LivePerson provides online engagement solutions offering a cloud-based platform which enables businesses to proactively connect with consumers through chat, voice and content delivery, across multiple channels and screens, including websites, social media, tablets and mobile devices. The Company’s engagements are driven by insights derived from a broad set of consumer and business data, including historical, behavioral, operational, and third party data. Each engagement is based on proprietary analytics and a real-time understanding of consumer needs and business objectives. The Company’s products, coupled with its domain knowledge and industry expertise, have been proven to maximize the effectiveness of the online channel — by increasing sales, as well as consumer satisfaction and loyalty ratings for its customers, while also enabling its customers to reduce consumer service costs.

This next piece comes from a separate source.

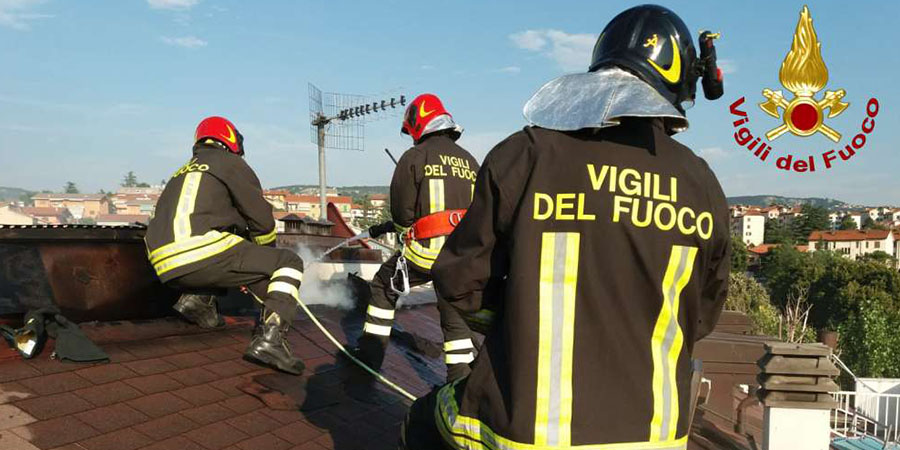 Trieste, incendio tetto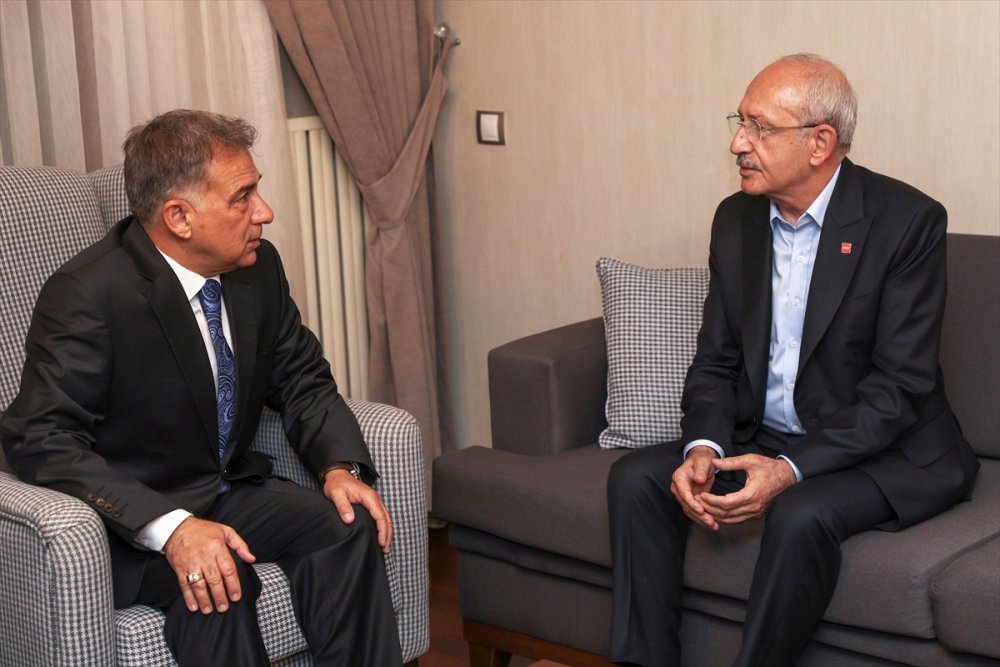 Kılıçdaroğlu, esrarengiz şekilde ölen Dorukhan Büyükışık'ın ailesini ziyaret etti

LivePerson monitors and analyzes valuable online consumer behavioral data on behalf of its customers. Spanning the breadth of an online visitor session, starting from an initial keyword search through actions on their customer’s website, and even into a shopping cart and an executed sale, this data enables the Company to develop unique insights into consumer behavior during specific transactions within a customer’s user base.
The Company’s primary revenue source is from the sale of LivePerson services to businesses of all sizes. The Company also offers an online marketplace that connects independent service providers (“Experts”) who provide information and knowledge for a fee via real-time chat with individual consumers (“Users”).
Basis of Presentation
The accompanying condensed consolidated financial statements as of June 30, 2014 and for the three and six months ended June 30, 2014 and 2013 are unaudited. In the opinion of management, the unaudited condensed consolidated financial statements have been prepared on the same basis as the annual financial statements and reflect all adjustments, which include only normal recurring adjustments, necessary to present fairly the consolidated financial position of LivePerson as of June 30, 2014, and the consolidated results of operations, comprehensive loss and cash flows for the interim periods ended June 30, 2014 and 2013. The financial data and other information disclosed in these notes to the condensed consolidated financial statements related to these periods are unaudited. The results of operations for any interim period are not necessarily indicative of the results of operations for any other future interim period or for a full fiscal year. The condensed consolidated balance sheet at December 31, 2013 has been derived from audited consolidated financial statements at that date.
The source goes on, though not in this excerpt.